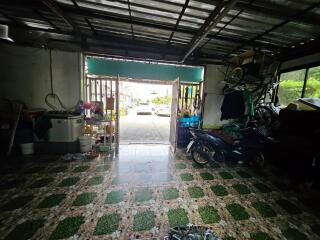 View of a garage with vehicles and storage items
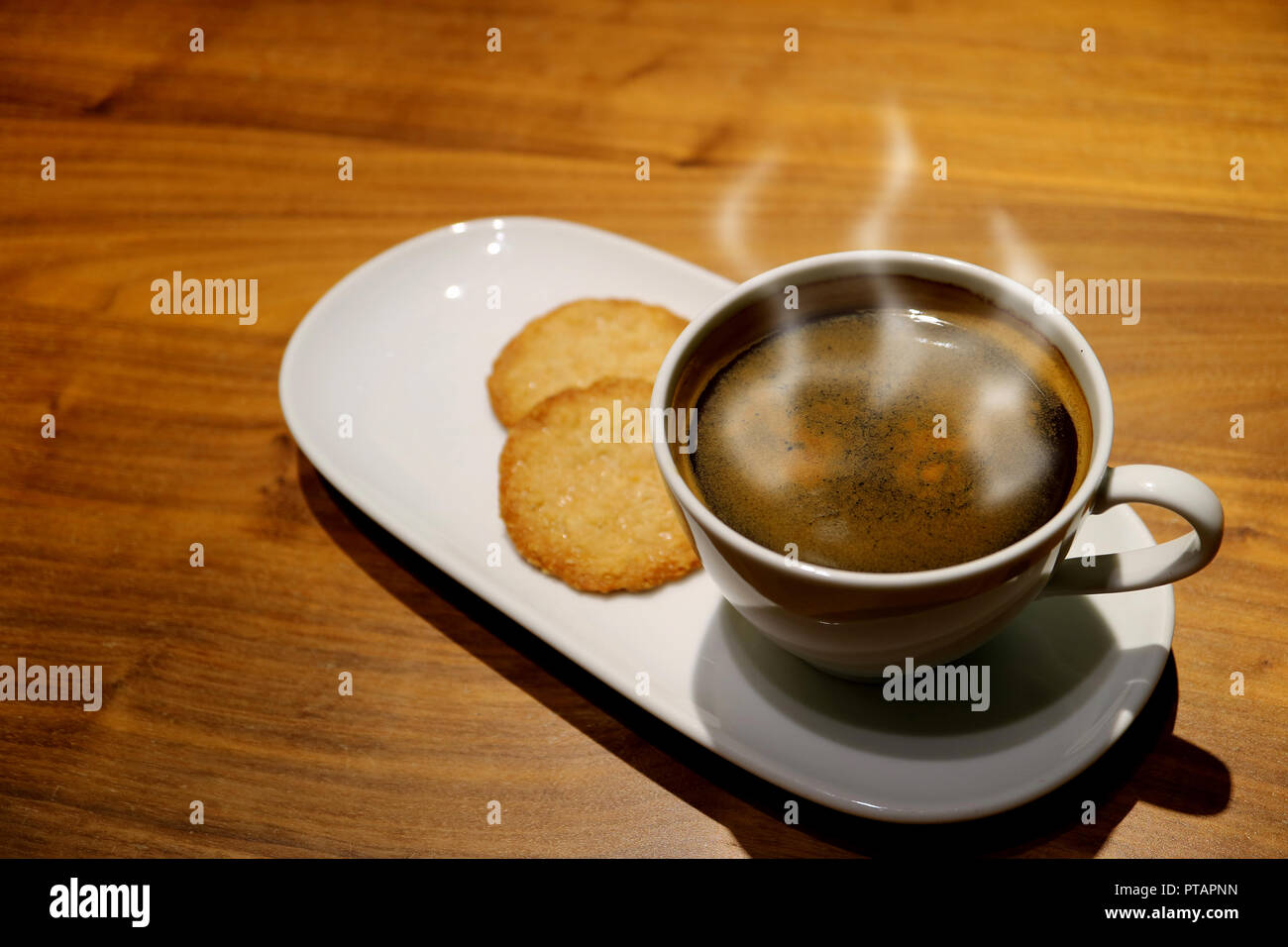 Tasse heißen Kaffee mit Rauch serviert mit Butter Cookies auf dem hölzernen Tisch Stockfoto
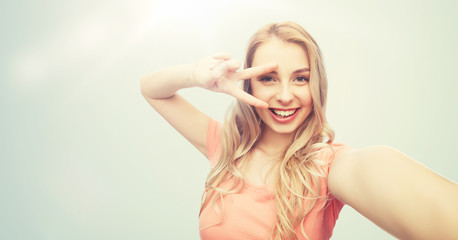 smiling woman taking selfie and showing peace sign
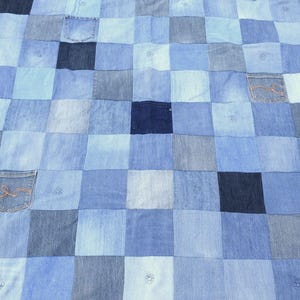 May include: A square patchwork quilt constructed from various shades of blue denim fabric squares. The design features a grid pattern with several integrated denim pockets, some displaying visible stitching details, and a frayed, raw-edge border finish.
——————————
• **What to work on**
Your task is an exact transcription of all the data, minus the pictures.

• **Answer section**
 View of a garage with vehicles and storage items
 Tasse heißen Kaffee mit Rauch serviert mit Butter Cookies auf dem hölzernen Tisch Stockfoto
 smiling woman taking selfie and showing peace sign
 May include: A square patchwork quilt constructed from various shades of blue denim fabric squares. The design features a grid pattern with several integrated denim pockets, some displaying visible stitching details, and a frayed, raw-edge border finish.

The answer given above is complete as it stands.